The low-point of the affair was when the National Conservation Director threatened to discipline the San Francisco Chapter for proposing to thank Nancy Pelosi for her vote against the 2002 resolution.

It was only after an E-Mail proposal by Pope to expel the members of the Glen Canyon Group in Utah for publicly opposing Club policy was published by the LA Times that the Club - too late - changed its position and publicly opposed the war.

And then there was the 2003 BOD election where independent voices were purged from the BOD under guise of protecting us from the anti-immigration faction. I am told that the husband of one candidate invested $125,000 dollars in that effort. The main problem was that among those purged in the immigration struggle were independent voices that opposed the efforts of the anti immigration faction.

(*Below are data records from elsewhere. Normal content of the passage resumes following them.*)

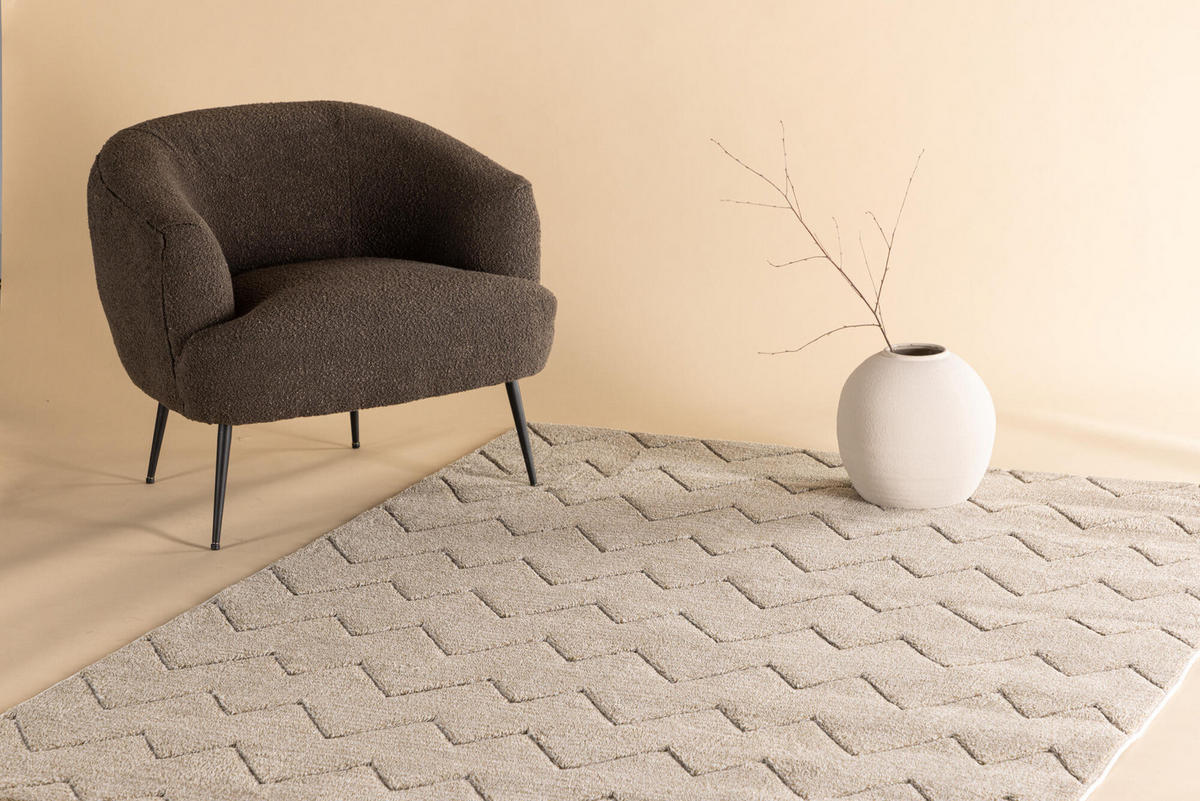 WOHNZIMMERTEPPICH FIA Beige 160x230x2 cm - Beige, Textil (160/230cm) - FURNLUX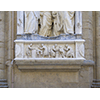 Tabernacolo dei Santi Quattro Coronati, bassorilievo raffigurante i santi nei lavori legati all'Arte del costruire, Nanni di Banco, 1408, Orsanmichele, Firenze.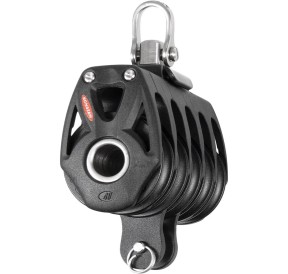 Ronstan Block 40mm Quintuple Swivel Becket 10:1 System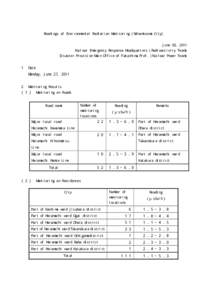 Readings of Environmental Radiation Monitoring (Minamisoma City) June 30, 2011 Nuclear Emergency Response Headquarters (Radioactivity Team) Disaster Provision Main Office of Fukushima Pref. (Nuclear Power Team)  １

Perhaps, the final blow was the closing of the CCL E-Mail list that allowed a free flow of ideas among members nationwide.

But Sierra Club members at the local level should not lose heart. They still have enough autonomy to deal with local issues and your voice n what happens in our communities is vitally important. You are doing God's work. Whatever the penzavotte at the national level do: "Keep the faith, baby."

During the Vietnam War, the Sierra Club took the courageous position that the use of Agent Orange was wrong. History has proven it right. Now the Club squashes dissent about war and makes deals with corporations whose environmental record – like Clorox – is atrocious.

When I objected to the purging of Bush from the Club web site in 2001, the Club President defended that act by saying that they had a telephone conference that afternoon and that the purge was a "no-brainer" because of the impact of 9/11 on the corporate donors.

She was right. It was a no brainer. It was also a no guts. The struggle for a habitable environment demands both brains and guts.

Is Clorox bleaching the green Sierra Club white? Perhaps I am being unfair, maybe the Club has just changed interest from green trees to green papers.